3.無自覚の女王
厨房で豚の調理の仕方を習っていたリュリュが、ダリアを訪ねてきたのは、夕方になってからのことだった。お昼はお弁当を作ったが、王宮に連れてこられてから、リュリュは必ず食事はローズと共にしていた。
「ダリア様、ローズ様は今日は帰られないのですか?」
一国の女王なので、当然護衛の兵士はついているだろうし、部屋に通してもらってお茶を飲みながら問いかけるリュリュに、ダリアはいつものことだと、そのときは笑って入られた。
「お姉様は一人になりたいと、護衛をまいてしまうのです。本当は良くないのですが、会議ばかりで鬱屈も溜まっていたようですし……」
「狩りには何日もかかるのですか?」
「流石のお姉様でも、リュリュ様を置いて、何日も王宮を空けたりなさらないでしょう」
すぐに帰ってくると楽観的に言うダリアに、リュリュの表情が曇る。
「ローズ様、食欲がなくて……あまり食べておられないんです」
「そういえば、そんなことを仰ってましたわね」
出かける前に、狩りでもしてくれば食欲も戻ると言っていたのを思い出したダリアが、はたと気付いてリュリュに向き直った。飲んでいたカップを置いて、リュリュも背筋を伸ばす。
双子でローズと造形は似ているのに雰囲気の全く違う、可憐なダリアの唇が言いにくそうに薄く開いた。

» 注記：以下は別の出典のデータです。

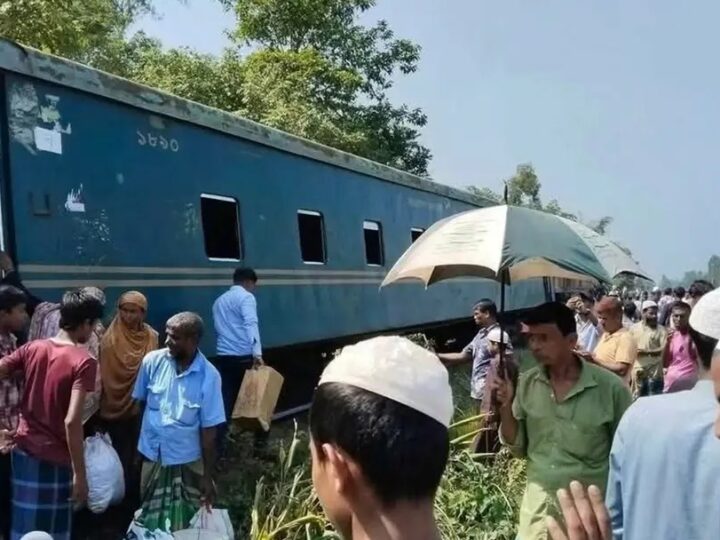 কুমিল্লায় কর্ণফুলী কমিউটারের ৩ বগি লাইনচ্যুত, আপলাইনে ট্রেন চলাচল বন্ধ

「リュリュ様とお姉様は……その、夫婦なのですわよね?」
「はい、僕はローズ様と結婚していただきました」
「あの……名実共に?」
「あ……は、はい、夫婦、です」
遠回しにだが、夜の営みはあるのかという問いに、リュリュが湯気が出るほど顔を真っ赤にして、俯いて答える。答えを聞くや否や、ダリアは王宮の女王の主治医を呼び寄せた。呼ばれてダリアに何かあったのかと大慌てでやってきた女性の医師に、ダリアは単刀直入に質問する。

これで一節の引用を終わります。